**BRIEF**
Would you transcribe exactly the lines from the one containing "DE GEVREESDE TUSSEN-N | dt met JP" to the last line of the data below, both ends included, but none of the pictures?

**RAW DATA**
________________

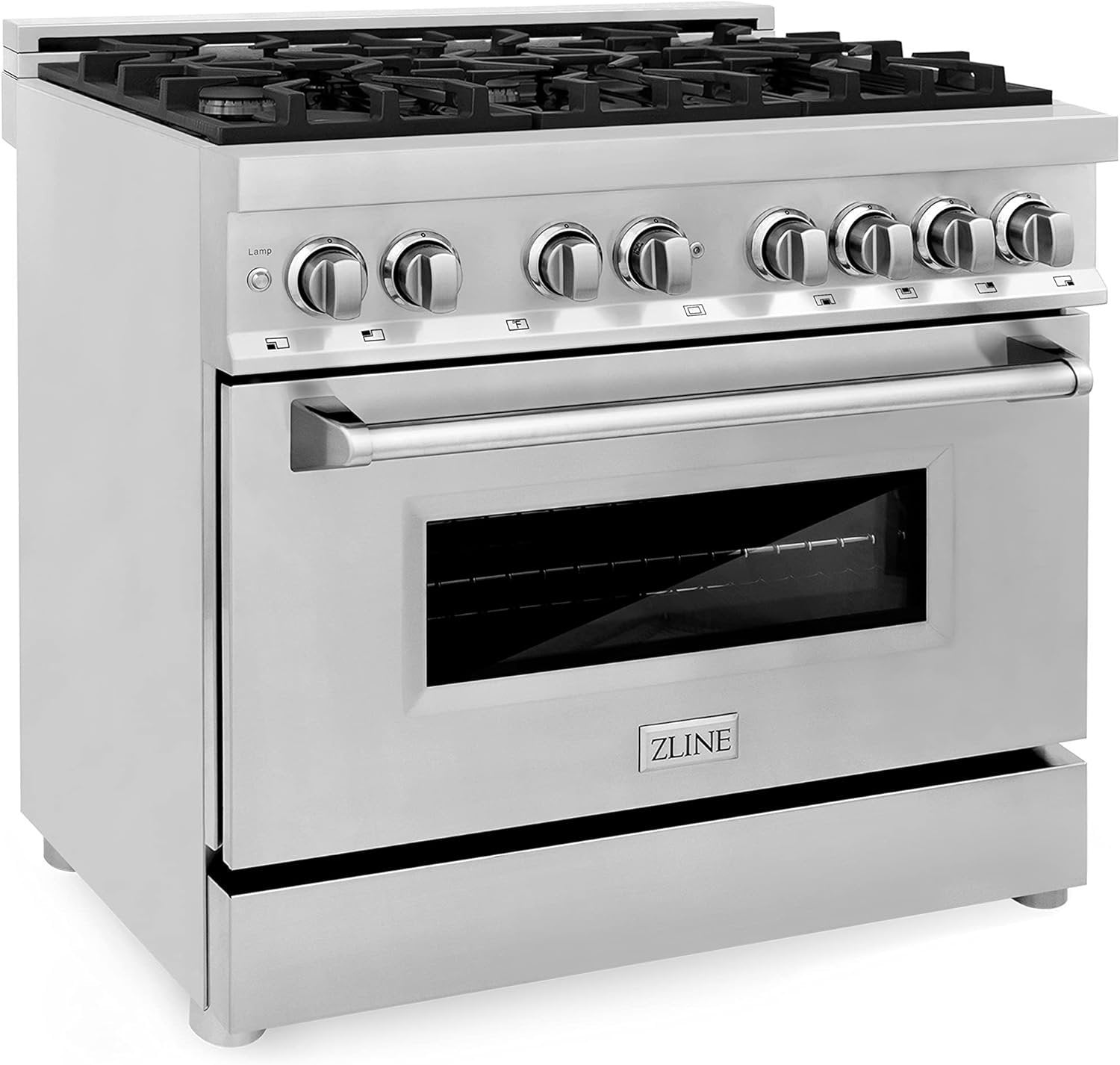 ZLINE 36″ Dual Fuel Range RA36 - Image 4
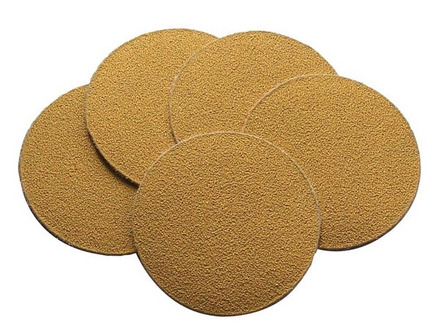 3" Aluminum Oxide Sanding Discs. Velcro Backing - 80 Grit 25 Pac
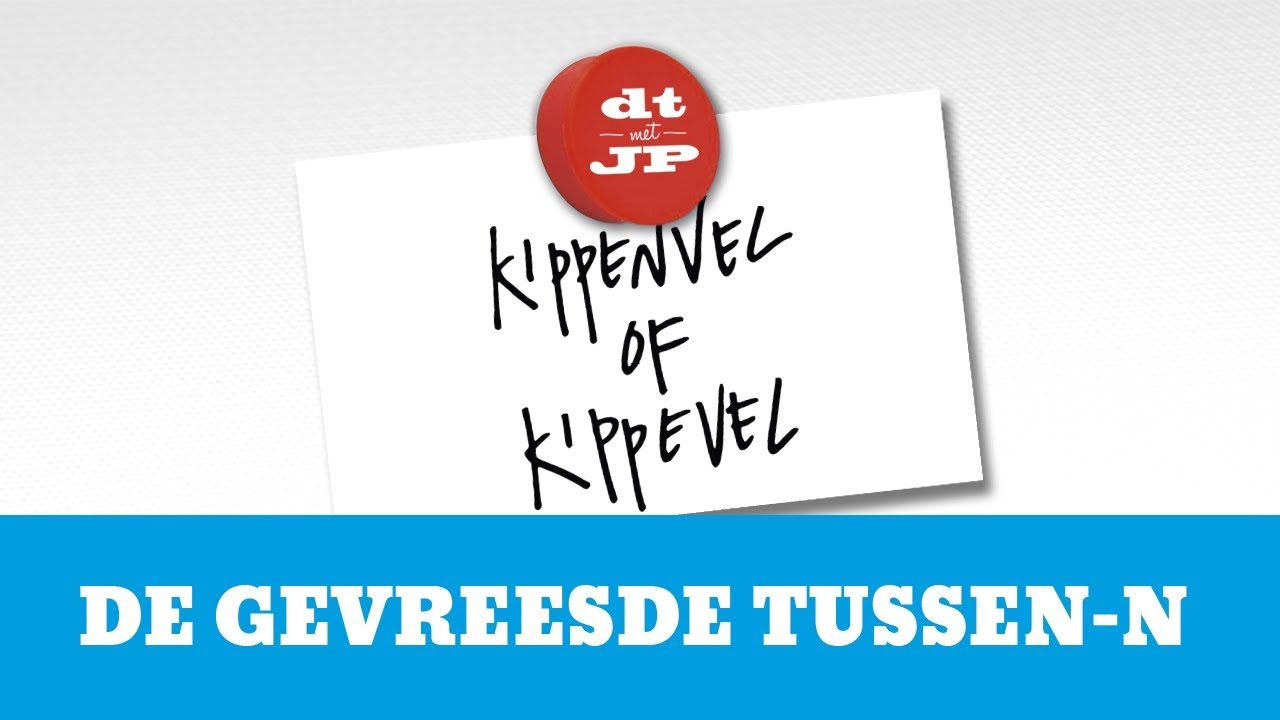 DE GEVREESDE TUSSEN-N | dt met JP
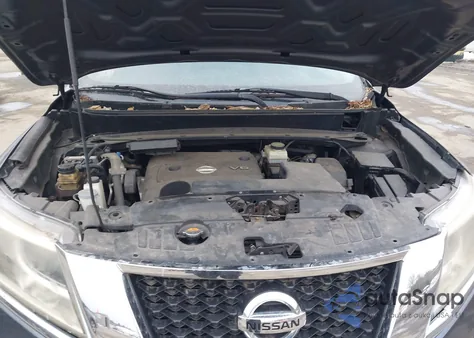 2013 Nissan Pathfinder Platinum z USA, uszkodzony, nr VIN 5N1AR2MM5DC619325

________________

**SOLUTION**
 DE GEVREESDE TUSSEN-N | dt met JP
 2013 Nissan Pathfinder Platinum z USA, uszkodzony, nr VIN 5N1AR2MM5DC619325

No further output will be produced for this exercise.